Coverity is out with its 2011 Open Source Scan Integrity report. For years now, the company has performed detailed analyses of most major and many small open source platforms and applications, producing a lot of notable data on how projects are finding audiences, and how reliable various platforms and applications are. Here are some of the details from the latest report.

Coverity's Scan report includes actual analysis of the lines of code within open source software offerings. This year's report involved scanning more than 300 million lines of code. Linux 2.6, PHP 5.3, and PostgreSQL 9.1 all emerged as very reliable from a code integrity perspective, although even they have some defects.

Here are other key findings from Coverity:

"Open source code quality is on par with proprietary code quality, particularly in cases where codebases are of similar size. For instance, Linux 2.6, a project with nearly 7 million lines of code, has a defect density of .62 which is roughly identical to that of its proprietary codebase counterparts.
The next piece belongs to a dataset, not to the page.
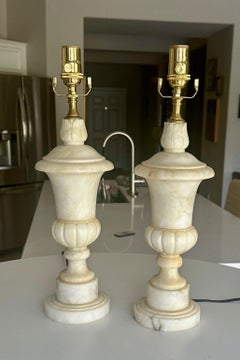 Pair Italian Neoclassic Urn Alabaster Table Lamps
-- Organizations that make a commitment to software quality by adopting development testing as a part of their development workflow, as illustrated by the open source and proprietary codebases analyzed, reap the benefits of high code quality and continue to see quality improvements over time."

"The line between open source and proprietary software will continue to blur over time as open source is further cemented in the modern software supply chain," Zack Samocha, Coverity Scan Project Director, said in a statement. "Our goal with Scan is to enable more open source projects to adopt development testing as part of their workflow for ongoing quality improvement, as well as further the adoption of open source by providing broader visibility into its quality."